Home  /  Resources & support  /  FAQs  /  Sampling clusters, not individuals

How can I sample clusters, not individuals?

Title   Sampling clusters, not individuals
Authors Nicholas J. Cox, Durham University, UK
Scott Merryman, Risk Management Agency/USDA

Introduction

Often you need to sample clusters, not individuals. Suppose you have a dataset with individual people from several households, but you wish to sample households randomly, not individuals. Here are two ways to do so. Much of what we do here is also feasible through sample2 (Weesie 1997).

In each selection, clusters are chosen on random numbers produced by using runiform().
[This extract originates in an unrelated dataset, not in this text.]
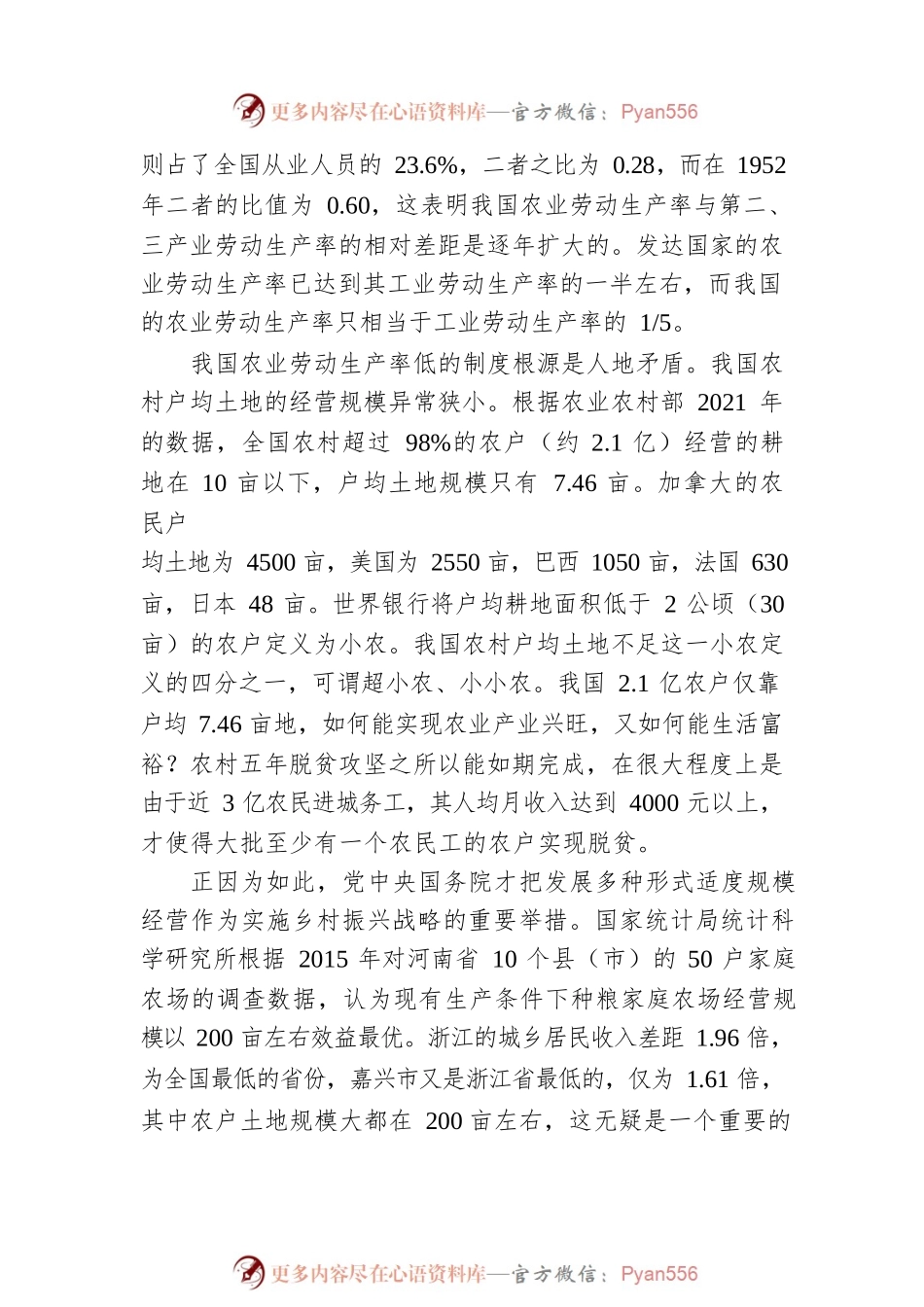 清华大学政治经济学研究中心主任、教授解读中央经济工作会议精神：乡村振兴必须与新型城镇化同步推进（20221227）.docx_第2页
If you are serious about replicating your research, you will need to set your seed (see set seed) before generating the random numbers.

Merge solution

One way to accomplish our goal would be to keep one observation from each household, randomly sample from the remaining observations, and then merge back to the original dataset.

For example, assume a household identifier hhid:

        sort hhid
        preserve
        tempfile tmp
        bysort hhid: keep if _n == 1
        sample 10
        sort hhid
        save `tmp'
        restore
        merge m:1 hhid using `tmp'
        keep if _merge == 3
        drop _merge 

We preserve the dataset before keeping just one observation from each household, and then use sample to select an approximate 10% sample. We save this sample to a temporary file. We then restore the original dataset and merge with the saved dataset. The part of the dataset that we want is indicated by _merge == 3. A successful merge depends on a previous sort of both datasets.

If you want to take a sample that is not a particular percentage of the dataset but rather has an exact sample size, use sample, count.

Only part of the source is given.